I've had a blissful few months without this particular annoyance, so I've lost some of my patience about it. In the last few weeks, I've had a lot of "No, where are you really from"-type exchanges.
The vast majority of people who ask me where I'm from do so because, obviously, I don't sound like I'm from these parts. When I say "California" or "San Francisco", they usually say one of two things: Oh, I visited and loved it! or Oh, I've always wanted to visit! And we continue with our lovely conversation, where I generally tell them they should go back, or they should try to visit as soon as possible.
There are, however, a certain percentage of people, here and at home, who will ask me where I'm from not because of how I sound, but because of how I look.
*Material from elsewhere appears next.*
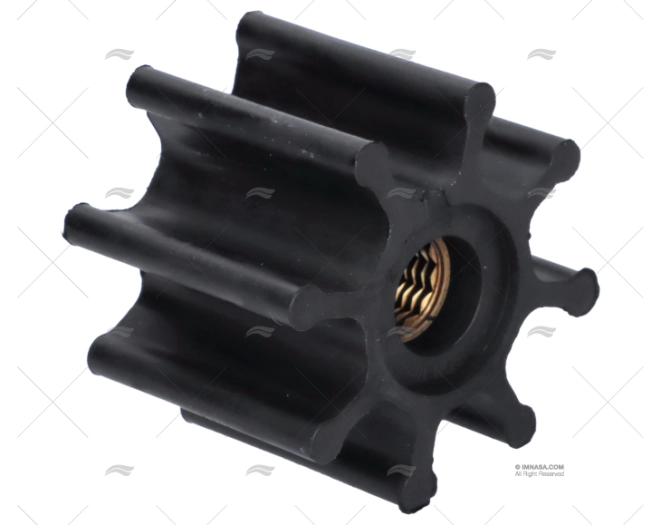 Kit RIPARAZIONE Pompa TIPO F7B-8 JOHNSON - SPX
The "No, but where are you really from" question is annoying, not least because I get tired of being asked it all the time, but there are lots of other reasons I hate this question.
First, it implies that I can't really be from California. Which, fuck you: my whole family is there; my mother is buried there; my grandparents are buried there. I'm Californian, and American, so you can stick that where the sun don't shine. Second, it shows that you don't really care to actually find out anything about me- you just want to check off the box in some list you have in your head. Listen: the fact that I'm from San Francisco tells you way more about me than the fairly irrelevant factoid you're needling for. If you were actually interested about me as a person, you would work with that.
I know that many people ask this out of genuine friendliness and curiosity. But, okay, how often do white people get asked that by random people at bus stops? Not as often as I get this question, I'm willing to bet. Does this mean that because you're white, your family and background are inherently less interesting? Well, if that's true, I'm offended on behalf of the white people I know. I mean, when people ask The Limey where he's from, and he says Stoke, that's the end of the conversation. (Or they say, Oh, where is that exactly? Or, I'm sorry.) But is his family's story any less interesting than mine?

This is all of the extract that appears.